Perfect Boondocking Spot in the Grand Canyon
As soon as we arrived at the Grand Canyon, we met a fabulous local who shared with us her must-see places in the park. She also shared THE SPOT for us to camp at, for free, directly in the park, completely legally! In fact, the Grand Canyon is bordered by a national forest and can be reached by a road in the park. For those interested, look out for the “Grand view look out tower” in the Kaibab National Forest. Since we wanted to spend a few days in the Grand Canyon, this news was the perfect way to start our stay, as we had just learned that we wouldn’t have to “get out of the park” for the night! (To learn more about free camping read our article on the subject!)
After this fabulous meeting, we went to enjoy the sight of the “Desert View Watchtower” while quietly sipping our coffee. We got the same feeling as we did the very first time… Wow, Grand Canyon is awesome.
If you plan to visit the Grand Canyon, we recommend that you spend a few days there, or at least be there in the morning when there are few visitors to the park. You will be able to better appreciate the immensity and the silence that reigns in the canyon!
We spent a few days there and were able to combine hiking, bird watching, our remote work and even a little artistic expression!
It was so nice to take our time through the park.
Although the temperature was quite cool, (around 12 ֯ C during the day and -4 ֯ C at night) we really enjoyed our time and always slept comfortably (check out our blog for tips for cool nights)!
Direction: heat and the mythical road of the South-West
After the Grand Canyon, we knew we wanted to return to Sedona, and we used the legendary itinerary featured in Lonely Planet as inspiration to define the must-sees on our way.
Prescott: A forest of giant rocks
It only took 2 hours to drive south and descend to altitude to find warm temperatures during the day and discover an enchanting landscape!
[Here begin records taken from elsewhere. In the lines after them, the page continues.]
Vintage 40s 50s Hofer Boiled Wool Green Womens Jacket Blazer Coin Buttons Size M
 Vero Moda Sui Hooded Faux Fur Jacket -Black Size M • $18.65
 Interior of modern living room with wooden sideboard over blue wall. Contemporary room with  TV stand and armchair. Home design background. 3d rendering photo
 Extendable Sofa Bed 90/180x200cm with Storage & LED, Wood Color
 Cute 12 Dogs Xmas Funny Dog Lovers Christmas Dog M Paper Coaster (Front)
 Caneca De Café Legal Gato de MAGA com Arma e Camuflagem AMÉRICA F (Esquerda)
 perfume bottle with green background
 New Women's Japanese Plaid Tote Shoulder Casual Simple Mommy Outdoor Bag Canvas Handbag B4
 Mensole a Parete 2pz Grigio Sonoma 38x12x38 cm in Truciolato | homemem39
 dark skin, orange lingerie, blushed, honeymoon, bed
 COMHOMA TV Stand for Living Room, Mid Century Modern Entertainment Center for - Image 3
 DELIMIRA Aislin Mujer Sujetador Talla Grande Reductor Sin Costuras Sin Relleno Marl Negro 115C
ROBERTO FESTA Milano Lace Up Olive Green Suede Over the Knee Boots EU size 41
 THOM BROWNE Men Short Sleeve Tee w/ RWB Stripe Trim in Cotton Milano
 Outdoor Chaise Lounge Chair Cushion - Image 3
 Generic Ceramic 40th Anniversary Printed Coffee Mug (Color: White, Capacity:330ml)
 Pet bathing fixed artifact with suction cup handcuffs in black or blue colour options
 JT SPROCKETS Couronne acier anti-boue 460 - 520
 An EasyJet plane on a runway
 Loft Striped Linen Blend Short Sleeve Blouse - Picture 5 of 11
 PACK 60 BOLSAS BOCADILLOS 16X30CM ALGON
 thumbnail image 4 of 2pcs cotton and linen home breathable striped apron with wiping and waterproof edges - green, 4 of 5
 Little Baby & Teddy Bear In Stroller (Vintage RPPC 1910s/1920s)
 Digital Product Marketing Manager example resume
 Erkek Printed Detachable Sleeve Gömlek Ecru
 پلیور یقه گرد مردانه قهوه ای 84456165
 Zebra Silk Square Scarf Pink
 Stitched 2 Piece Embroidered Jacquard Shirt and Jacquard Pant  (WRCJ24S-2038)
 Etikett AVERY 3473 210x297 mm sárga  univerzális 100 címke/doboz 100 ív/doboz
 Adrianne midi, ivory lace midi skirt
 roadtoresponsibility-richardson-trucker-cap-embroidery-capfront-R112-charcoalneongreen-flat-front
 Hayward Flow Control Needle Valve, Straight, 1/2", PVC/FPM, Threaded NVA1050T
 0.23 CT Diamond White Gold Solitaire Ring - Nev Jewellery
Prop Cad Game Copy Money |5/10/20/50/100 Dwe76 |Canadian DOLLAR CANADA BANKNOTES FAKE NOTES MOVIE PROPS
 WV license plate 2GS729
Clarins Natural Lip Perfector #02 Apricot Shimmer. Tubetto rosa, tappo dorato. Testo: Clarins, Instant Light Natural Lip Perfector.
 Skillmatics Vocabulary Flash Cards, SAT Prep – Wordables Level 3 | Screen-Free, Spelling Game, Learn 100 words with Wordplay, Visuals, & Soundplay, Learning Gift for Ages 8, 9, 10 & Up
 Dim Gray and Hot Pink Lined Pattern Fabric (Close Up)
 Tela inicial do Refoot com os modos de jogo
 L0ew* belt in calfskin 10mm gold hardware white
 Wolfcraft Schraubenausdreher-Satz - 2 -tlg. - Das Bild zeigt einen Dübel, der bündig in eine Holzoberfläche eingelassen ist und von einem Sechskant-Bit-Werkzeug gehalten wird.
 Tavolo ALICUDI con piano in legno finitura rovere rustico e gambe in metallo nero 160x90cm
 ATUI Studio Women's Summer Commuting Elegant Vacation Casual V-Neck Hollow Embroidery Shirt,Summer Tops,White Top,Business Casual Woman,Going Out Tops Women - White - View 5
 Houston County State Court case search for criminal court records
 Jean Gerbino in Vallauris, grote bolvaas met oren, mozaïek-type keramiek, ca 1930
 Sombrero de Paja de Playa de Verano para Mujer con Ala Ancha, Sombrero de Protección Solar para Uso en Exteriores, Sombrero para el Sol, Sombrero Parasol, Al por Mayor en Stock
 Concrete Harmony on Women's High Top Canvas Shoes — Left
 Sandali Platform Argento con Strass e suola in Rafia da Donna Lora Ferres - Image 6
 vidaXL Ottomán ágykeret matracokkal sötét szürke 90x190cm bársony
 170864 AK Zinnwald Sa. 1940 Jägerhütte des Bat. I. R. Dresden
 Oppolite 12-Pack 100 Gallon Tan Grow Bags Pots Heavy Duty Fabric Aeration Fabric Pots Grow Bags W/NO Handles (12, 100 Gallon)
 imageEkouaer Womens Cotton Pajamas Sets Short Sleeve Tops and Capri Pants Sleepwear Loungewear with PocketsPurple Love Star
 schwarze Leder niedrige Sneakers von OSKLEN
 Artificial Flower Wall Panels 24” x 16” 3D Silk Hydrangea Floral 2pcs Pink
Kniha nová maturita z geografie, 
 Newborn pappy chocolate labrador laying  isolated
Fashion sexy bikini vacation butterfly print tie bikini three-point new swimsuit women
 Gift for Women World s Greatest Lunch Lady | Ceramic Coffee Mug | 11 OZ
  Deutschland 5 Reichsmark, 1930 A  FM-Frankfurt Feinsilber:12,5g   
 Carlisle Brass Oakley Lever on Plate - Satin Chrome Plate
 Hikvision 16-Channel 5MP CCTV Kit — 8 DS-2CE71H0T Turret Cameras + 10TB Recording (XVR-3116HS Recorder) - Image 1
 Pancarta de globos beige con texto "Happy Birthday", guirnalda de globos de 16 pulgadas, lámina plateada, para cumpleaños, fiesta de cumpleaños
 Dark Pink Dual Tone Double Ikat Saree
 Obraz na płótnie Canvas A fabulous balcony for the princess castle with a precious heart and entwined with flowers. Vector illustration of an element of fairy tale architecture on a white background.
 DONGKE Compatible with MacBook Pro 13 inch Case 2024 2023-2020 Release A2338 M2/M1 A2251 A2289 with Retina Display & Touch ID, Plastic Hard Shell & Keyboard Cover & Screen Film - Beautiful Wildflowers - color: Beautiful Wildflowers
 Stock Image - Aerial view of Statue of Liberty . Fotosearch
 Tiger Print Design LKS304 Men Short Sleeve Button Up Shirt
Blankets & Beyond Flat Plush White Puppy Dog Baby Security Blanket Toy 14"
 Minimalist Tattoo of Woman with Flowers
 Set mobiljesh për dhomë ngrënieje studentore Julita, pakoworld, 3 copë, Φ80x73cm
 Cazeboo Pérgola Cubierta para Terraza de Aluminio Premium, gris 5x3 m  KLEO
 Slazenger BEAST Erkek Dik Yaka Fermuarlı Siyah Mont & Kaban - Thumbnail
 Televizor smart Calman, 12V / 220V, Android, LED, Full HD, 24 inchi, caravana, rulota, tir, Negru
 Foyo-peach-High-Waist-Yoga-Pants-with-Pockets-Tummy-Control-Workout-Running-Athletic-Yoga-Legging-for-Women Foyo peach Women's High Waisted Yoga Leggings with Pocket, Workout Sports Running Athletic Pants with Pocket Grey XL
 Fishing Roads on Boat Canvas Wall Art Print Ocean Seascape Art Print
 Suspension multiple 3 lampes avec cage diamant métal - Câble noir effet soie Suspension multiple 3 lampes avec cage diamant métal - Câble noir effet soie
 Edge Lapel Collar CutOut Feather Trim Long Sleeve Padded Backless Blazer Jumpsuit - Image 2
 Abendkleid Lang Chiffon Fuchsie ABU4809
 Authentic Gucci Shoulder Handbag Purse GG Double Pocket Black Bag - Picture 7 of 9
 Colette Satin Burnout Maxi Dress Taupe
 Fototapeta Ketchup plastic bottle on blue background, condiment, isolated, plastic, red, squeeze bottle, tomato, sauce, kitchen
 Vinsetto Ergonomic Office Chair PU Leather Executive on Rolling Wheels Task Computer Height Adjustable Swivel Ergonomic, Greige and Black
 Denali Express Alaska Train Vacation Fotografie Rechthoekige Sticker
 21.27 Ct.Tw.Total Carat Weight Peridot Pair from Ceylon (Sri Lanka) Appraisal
We were able to explore the area and ride among the giant rocks!
Prescott is definitely a city to put on your itinerary. Don’t miss Watson Lake, an important nesting site for several species of birds! Go there at the end of the day, the light of the setting sun is so beautiful on the rocks!
We liked the location so much that we went back the next morning for lunch before hitting the road again.
Scenic route: 89A and Jerome, the ghost town
As usual, we decided to take the ’scenic route’ to get to Sedona. The landscapes are generally more beautiful than on the highways so it is always worth the detour. The road was beautiful and winding, crossing several mountains.
On the way, we made a stop in Jerome, the ghost town. A former mining town, Jerome was once the second most populated city in Arizona before it was almost completely abandoned when the mine closed. Now artists have settled there and it is a small tourist town. Restaurants, pop-up shops and art galleries make up the city. We especially liked the kaleidoscope store where you could find one retailing for over $20,000. Imagine the visual! We also discovered the workshop of a glassblower who demonstrated for us how to make a piece of blown glass. We loved the glimpse into his magical world!
Perched in the mountains, the city has a western flair that is definitely worth a stop for the day! Walking through the streets, one can discover the remains of the city as well as its famous “sliding jail”, a still-intact prison having suffered a 500-foot landslide!
On the road: Cottonwood
Located between Jerome and Sedona, we stopped at Cottonwood to explore its ruins. We also took the opportunity to shower at the city’s Recreation Center before heading to the BLM (Bureau of Land Management) near Sedona for the night (read our blog post for places to shower on the road).